> [Required action]
Drop the pictures and extract exactly the lines from the one that contains "Then you need" through the end of the material.

Data to examine below:

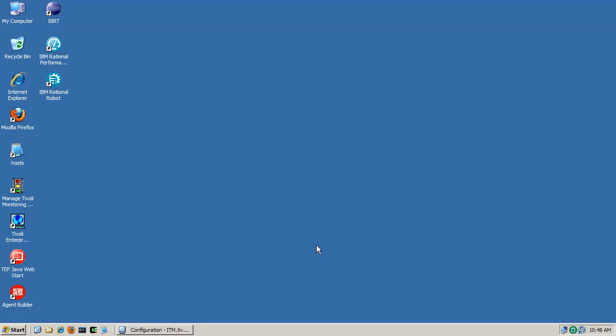Today we're going to discuss how to edit the IBM Tivoli Monitoring, or ITM, version 6.2.1 OS reports version 1.2, utilizing the Business Intelligence and Reporting Toolkit, also known as BERT, version 2.2.1 on Windows Server 2003 Standard Edition SP2. Before we begin, we must have downloaded both the BERT package and the reports from IBM's Open Process Automation Library website, also known as Opal.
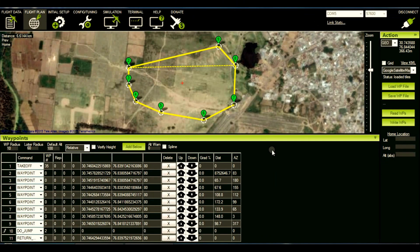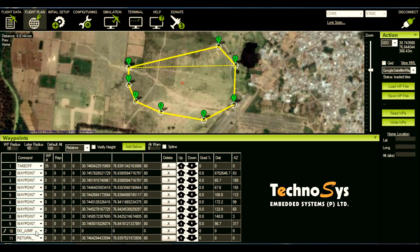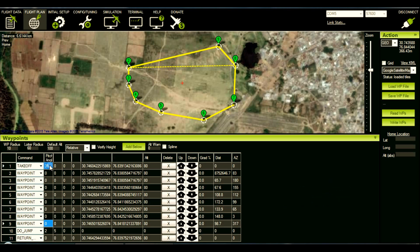I've planned this mission for demo purposes and you will notice that over here at waypoint number 10 I'm using a DO_JUMP command. Whenever I use a DO_JUMP command, this first text box is the waypoint number where I want my ArduPlane to go after completing the previous waypoint. So once it reaches waypoint 9 it will jump to waypoint number two. I've put two because my waypoint number one is an auto takeoff.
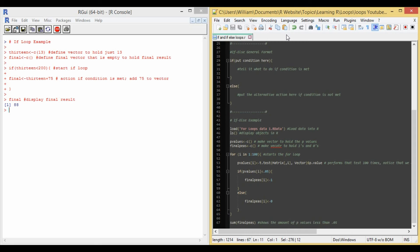Paren, p-values, square bracket, i, square bracket, equals t.test, paren, matrix, square bracket, comma, i, square bracket, comma, vector, paren, dollar sign, p.value. And so that line 53 performs the test 100 times.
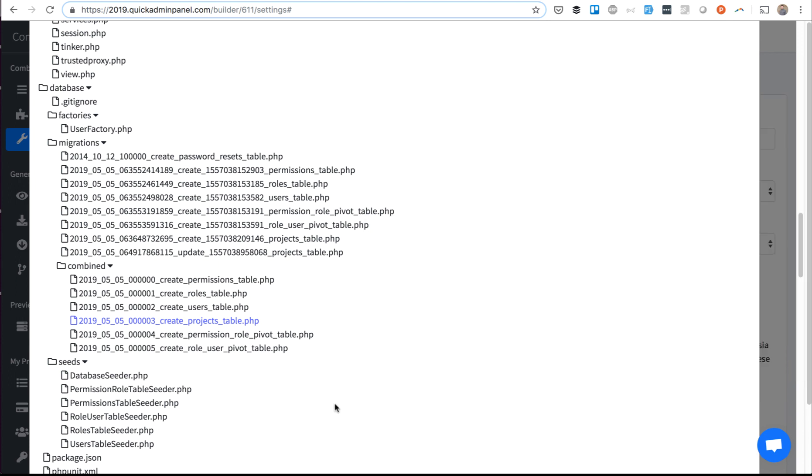So that's a quick demo of the combined migration function, and I hope it will be useful for cleanup for projects which are bigger and have a lot of database changes.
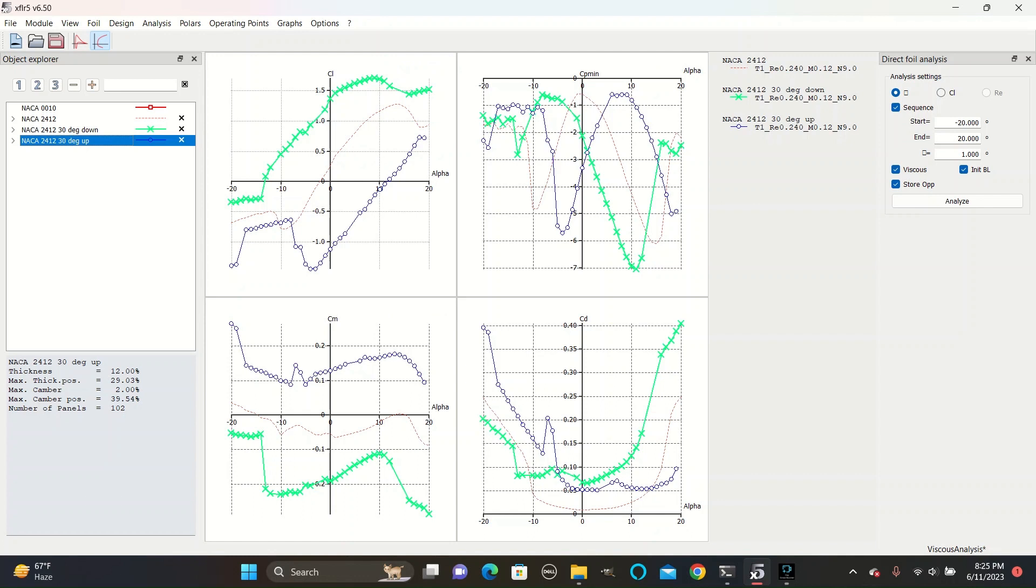The design with the flaps angled upwards has mostly negative values for coefficient of lift, meaning that when the flaps are up, the plane will want to descend to a lower altitude.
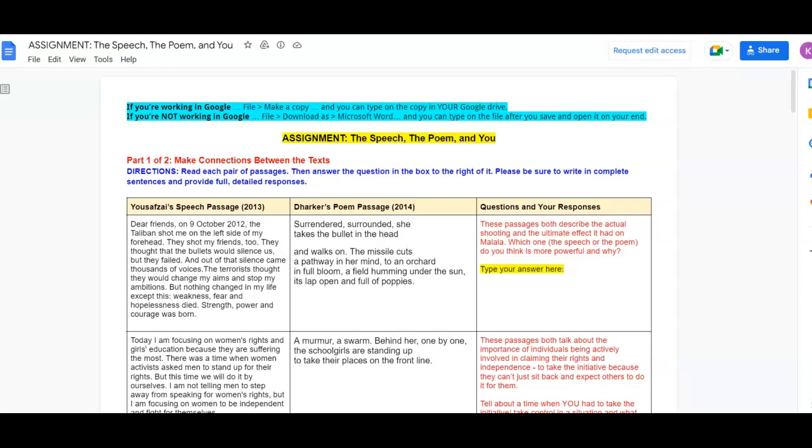Hi, this is your assignment explanation for the speech, the poem, and you. So for this assignment, there are two parts. On the first part, you're going to be making connections between the texts we read this week.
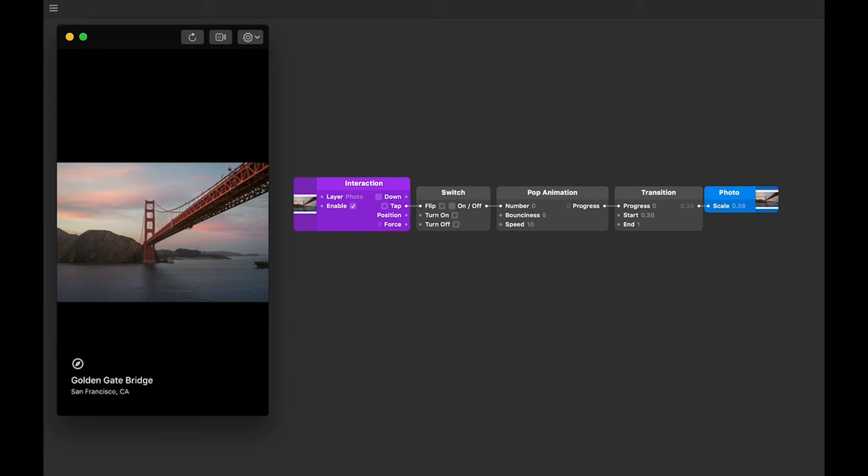These four patches that you see here make up the bulk of your prototyping in Origami. So once you get used to using them, you'll be up and running. Before continuing, I just want to go over patches in a little bit more detail, so you know how they work.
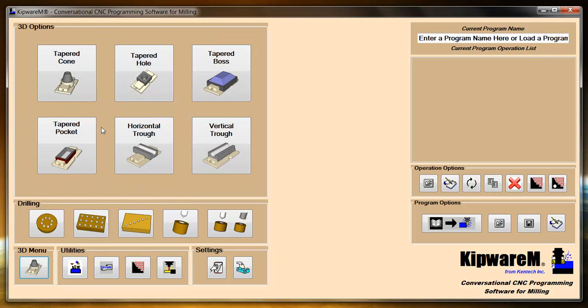Right now, we only have three shapes available, which are cones, bosses, and troughs, but we are looking to add more menu options. So if you have a common shape that you do quite frequently in your shop that you would like to see, drop us an email at sales at kentecinc.com, explain the shape, and if we feel that it's a shape that is common out there, we'd love to add it to the software and give you the capability to do that programming using just a conversational fill in the blank form.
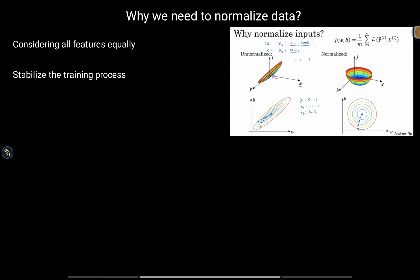Normalization also stabilizes the training process. In the case of normalized data, the training process is much faster and optimization is more proper. But with un-normalized data, the optimization process is zigzag and takes longer to reach the global minimum, resulting in an unstabilized training process. Normalization also improves overall model performance.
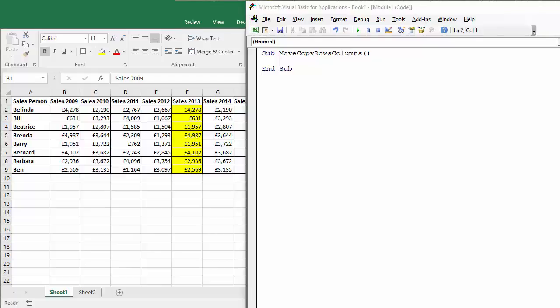Hi, in this video we're going to use Excel VBA to move or copy rows or columns. So the first task is to move this column so it's the first column in our table, before column B.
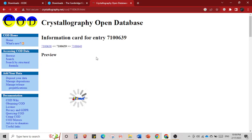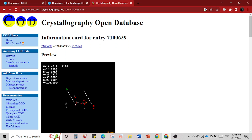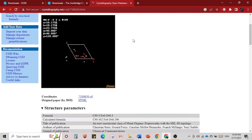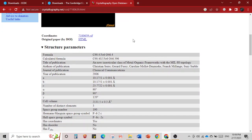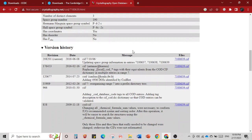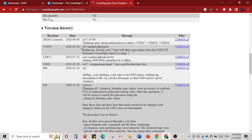When you enter the search you get a list of information. The CIF entry for MIL-88B has a card number — this is a unique number for each crystal structure deposited in the database. This is called the card number for the crystal database. It is an open database where anyone can download it. You can see a lot of references, including when it was revised.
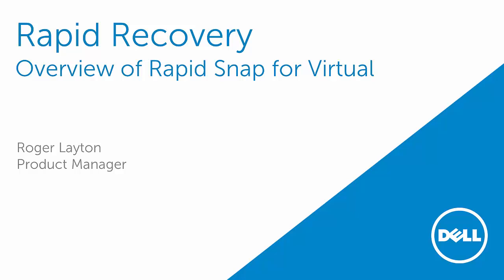Hi, my name is Roger Leighton. I'm the product manager for Dell Data Protection Rapid Recovery. Today I'd like to demonstrate a new feature in this product called RapidSnap for Virtual.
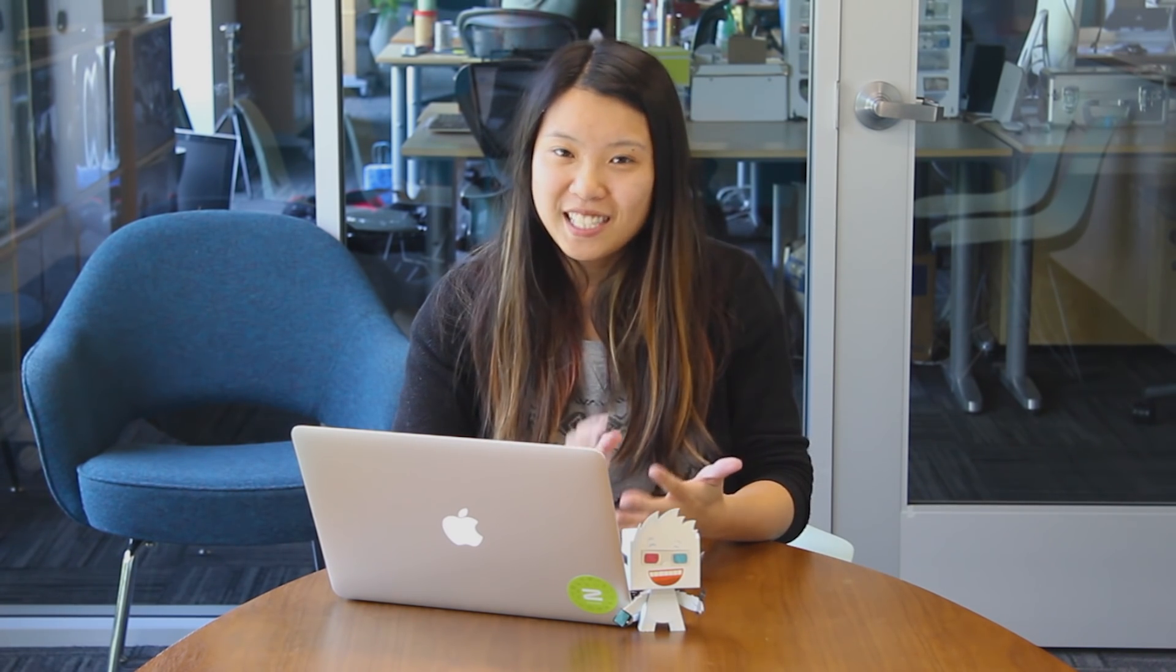Hey guys, Christine here, a designer at Zurb. Welcome to part two of our five-part Foundation CSS tutorial. By the end of the series, you'll have learned all about CSS, how to write it, and how to write your own custom styles on top of Foundation components.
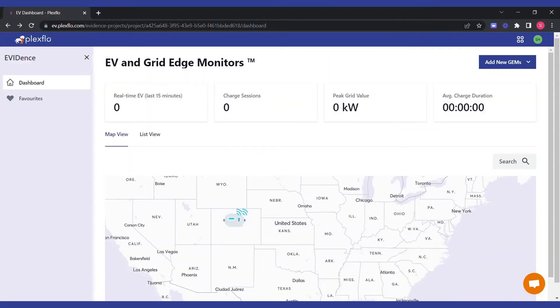Hello everyone, this is a small tutorial to show you how you can add a Raspberry Pi with a sensor connected to it to the Evidence dashboard, and then stream data from that sensor back to the dashboard.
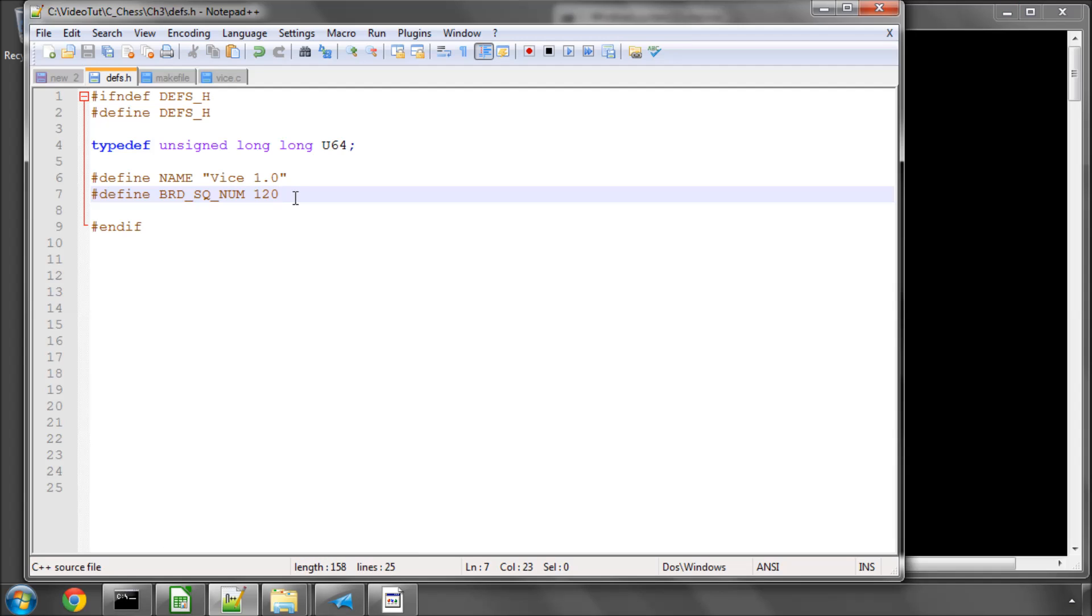So now we need to think about some of the other definitions that we'll need in the program. And I've already prepared these definitions in an empty file here, which I'm going to copy and paste in one by one and explain what they are, so that I don't sit here typing absolutely for hours.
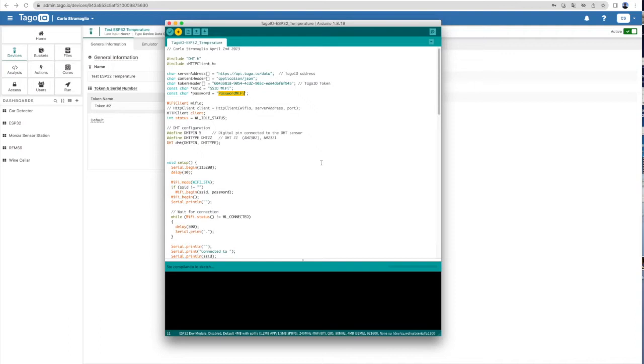Then you need to compile and download the Arduino code in the ESP32. The code and the schematics are available for free in the link posted in the description of this video.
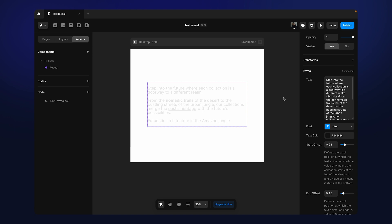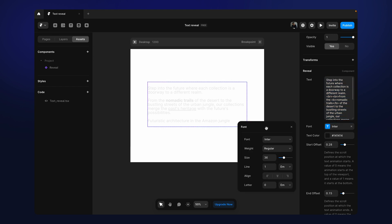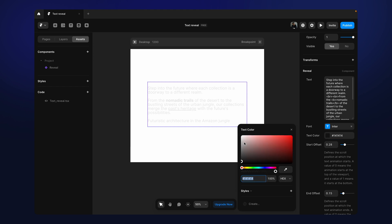That component has some limitations, but this one is fully flexible. Let me show you how to use this. You can put your content here in this text box, and then you've got your font styling panel. You can give your font color from here, and start offset and end offset are used to control your animation. I have written a description here so that you can understand it easily.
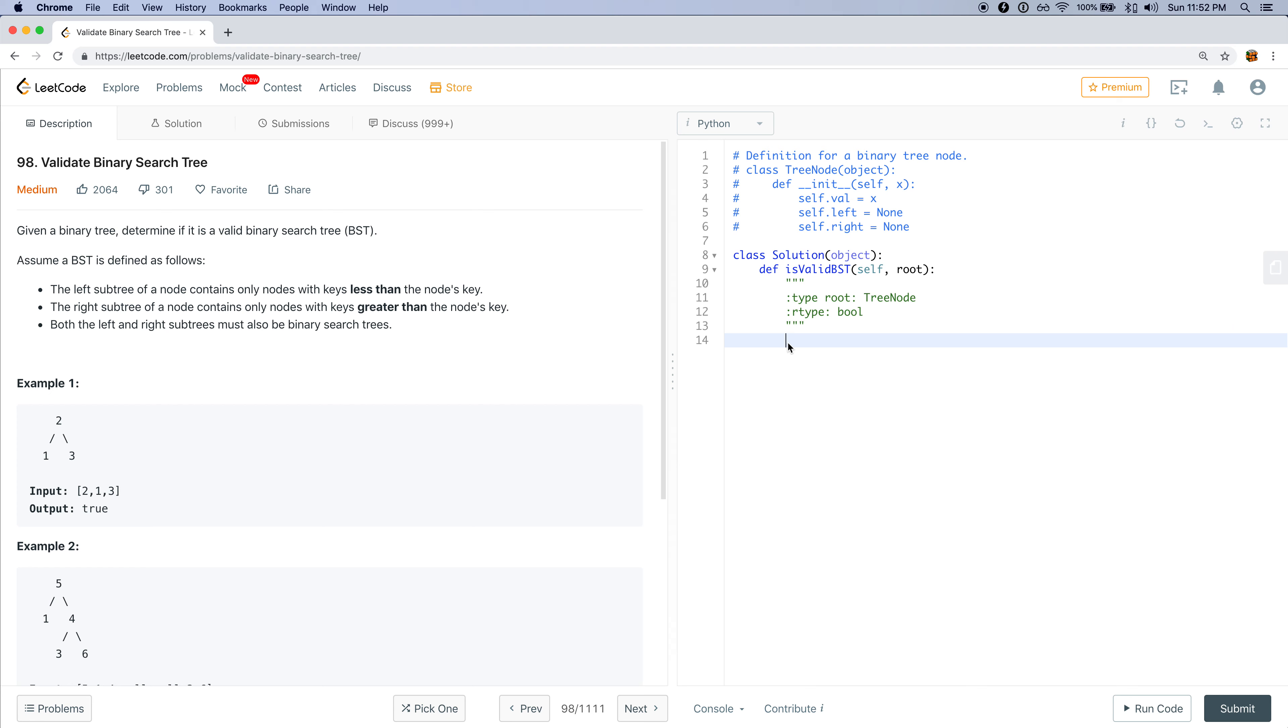I will be doing problem 98 which is called Valid Binary Search Tree. The problem states that given a binary search tree, determine if it is a valid binary search tree.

End of Data to examine.

> [Solved problem]
Then you need to compile and download the Arduino code in the ESP32. The code and the schematics are available for free in the link posted in the description of this video.
That component has some limitations, but this one is fully flexible. Let me show you how to use this. You can put your content here in this text box, and then you've got your font styling panel. You can give your font color from here, and start offset and end offset are used to control your animation. I have written a description here so that you can understand it easily.
I will be doing problem 98 which is called Valid Binary Search Tree. The problem states that given a binary search tree, determine if it is a valid binary search tree.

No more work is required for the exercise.